Dual action NEP-DPPIV inhibitors as a concept for the treatment of type II diabetes
A significant, rapidly growing fraction of the human population is affected by type 2 diabetes, a disease characterized by elevated blood glucose levels and relative insufficiency of insulin. The activity of two potent stimulators of insulin secretion, GLP-1 and GIP, is rapidly abolished by the serine peptidase dipeptidyl peptidase IV (DPP-IV). In vivo administration of synthetic inhibitors of DPP-IV prevents N-terminal degradation of GLP-1 and GIP, resulting in higher plasma concentrations of these hormones, increased insulin secretion and improved glucose tolerance. Several companies are currently developing DPP-IV inhibitors for diabetes.
Within the kidney, GLP-1 clearance is primarily due to neutral endopoeptidase (NEP). Prolonged GLP-1 stability has been shown by a combined inhibition of NEP and DPP-IV in pigs. Deacon and co-workers have shown that treatment of diabetic rats with a combination of a DPP-IV and a NEP inhibitor results in glucose-lowering effects superior to those observed using only a DPP-IV inhibitor.

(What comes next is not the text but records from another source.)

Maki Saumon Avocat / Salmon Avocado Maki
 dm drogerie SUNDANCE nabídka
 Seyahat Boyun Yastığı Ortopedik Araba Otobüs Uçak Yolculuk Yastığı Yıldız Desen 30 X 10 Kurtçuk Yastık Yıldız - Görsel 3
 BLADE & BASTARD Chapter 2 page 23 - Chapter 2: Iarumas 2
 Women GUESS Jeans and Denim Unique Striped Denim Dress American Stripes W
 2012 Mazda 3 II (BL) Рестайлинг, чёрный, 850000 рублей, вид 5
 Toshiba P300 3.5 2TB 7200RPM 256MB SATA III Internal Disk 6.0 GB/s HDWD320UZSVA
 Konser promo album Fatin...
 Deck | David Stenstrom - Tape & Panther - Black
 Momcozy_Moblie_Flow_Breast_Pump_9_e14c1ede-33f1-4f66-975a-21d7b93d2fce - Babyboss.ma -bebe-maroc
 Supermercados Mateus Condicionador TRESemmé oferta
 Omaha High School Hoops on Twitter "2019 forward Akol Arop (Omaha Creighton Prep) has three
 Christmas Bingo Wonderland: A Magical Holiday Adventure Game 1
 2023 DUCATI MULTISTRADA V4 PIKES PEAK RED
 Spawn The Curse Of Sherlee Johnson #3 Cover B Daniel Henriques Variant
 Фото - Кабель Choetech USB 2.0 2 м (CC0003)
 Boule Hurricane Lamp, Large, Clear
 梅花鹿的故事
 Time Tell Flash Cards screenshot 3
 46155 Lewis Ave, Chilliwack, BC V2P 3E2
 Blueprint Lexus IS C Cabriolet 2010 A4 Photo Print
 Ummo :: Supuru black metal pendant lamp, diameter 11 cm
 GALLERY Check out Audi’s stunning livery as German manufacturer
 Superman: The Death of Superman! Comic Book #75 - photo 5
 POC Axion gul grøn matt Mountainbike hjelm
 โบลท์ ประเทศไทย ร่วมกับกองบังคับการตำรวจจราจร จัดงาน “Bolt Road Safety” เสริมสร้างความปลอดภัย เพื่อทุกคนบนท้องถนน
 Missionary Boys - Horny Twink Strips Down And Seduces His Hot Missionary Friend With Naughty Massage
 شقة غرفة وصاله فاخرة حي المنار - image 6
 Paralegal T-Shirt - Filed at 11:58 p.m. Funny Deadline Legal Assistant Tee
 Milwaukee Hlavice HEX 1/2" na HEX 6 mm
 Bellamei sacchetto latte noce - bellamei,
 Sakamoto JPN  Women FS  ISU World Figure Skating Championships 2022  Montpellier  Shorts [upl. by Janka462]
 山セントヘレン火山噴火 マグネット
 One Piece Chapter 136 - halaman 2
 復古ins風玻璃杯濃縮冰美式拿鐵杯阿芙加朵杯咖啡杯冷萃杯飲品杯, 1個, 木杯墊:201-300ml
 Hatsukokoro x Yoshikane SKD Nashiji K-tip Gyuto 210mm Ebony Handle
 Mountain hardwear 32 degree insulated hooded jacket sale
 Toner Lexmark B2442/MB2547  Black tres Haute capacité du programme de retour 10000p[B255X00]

The rationally designed dual inhibition of two molecular targets involved in a disease is best exemplified by the drug Omapatrilat. This compound is used in the treatment of hypertension and chronic heart failure as a result of the synergistic effects of the component drugs on polypeptide levels. It simultaneously inhibits two zinc-containing endopeptidases: angiotensin converting enzyme (ACE) and NEP.
Based on the structural knowledge of NEP and DPP-IV, in particular the understanding of their sub-site specificity, a dual inhibition concept was followed. Inhibitors of DPP-IV can be linked via their terminal unprimed substituent with NEP inhibitors either with their terminal unprimed residue, their two-primed residue or the C-terminal moiety.